In the spring, I began to look at a field beside a brook. I had photographed it over winter flooded and drier in spring. This field is river catchment and flood plain edge; both on the water’s edge and under it. It’s low lying, between two parts of the Ampney Brook. Using 19th century maps, I have been researching the past of the landscape around the village. In the map of this field I read its old, dried mill leats, evidence of ditches, former sluices, attempts to manage, control the water. Perhaps if these were still maintained water-logging/flooding would reduce. Walking, I observe/notice these in signs in the landscape – the plants become watermarks revealing the past, water present in the varying growth.
To represent the layers of past narrated in the field I turned to cloth and stitch. It layers up beautifully, and I could dye it with plants gathered from the place. I was also reminded of a something that I read a few years ago.

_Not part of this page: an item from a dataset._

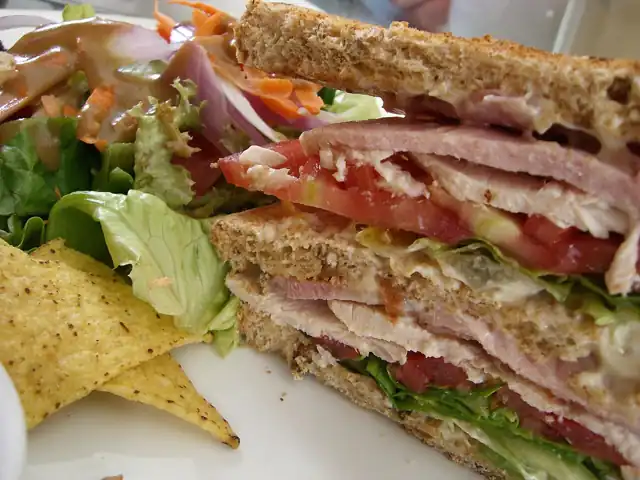A club sandwich cut into triangular sections.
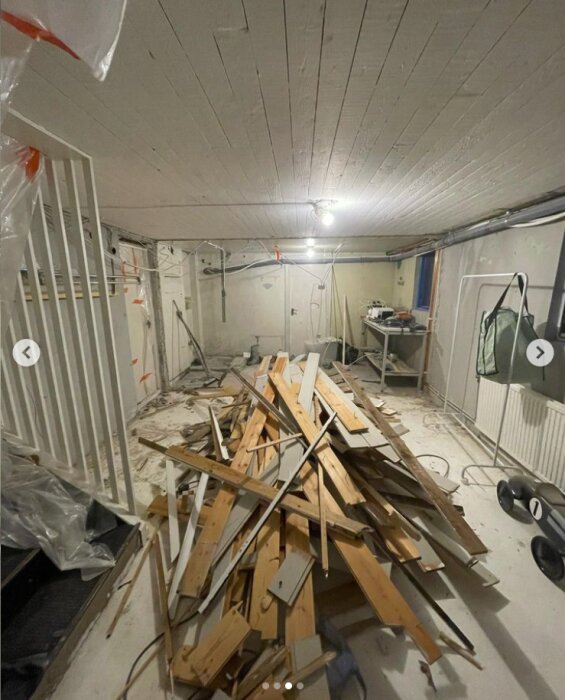 Hög med rivningsmaterial inklusive träpaneler på golv i källare under renovering, med arbetsutrustning i bakgrunden.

“In the language of nineteenth century clothes-makers and repairers, the wrinkles in the elbows of a jacket or a sleeve were called ‘memories. Those wrinkles recorded the body that had inhabited the garment. They memorialized the interaction, the mutual constitution, of person and thing.” Peter Stallybrass – Marx’s Coat 1998
Likewise the stuff of landscape archaeology, the lumps and bumps, verdant or struggling grass that marks the ground revealing the memories of landscape past beneath.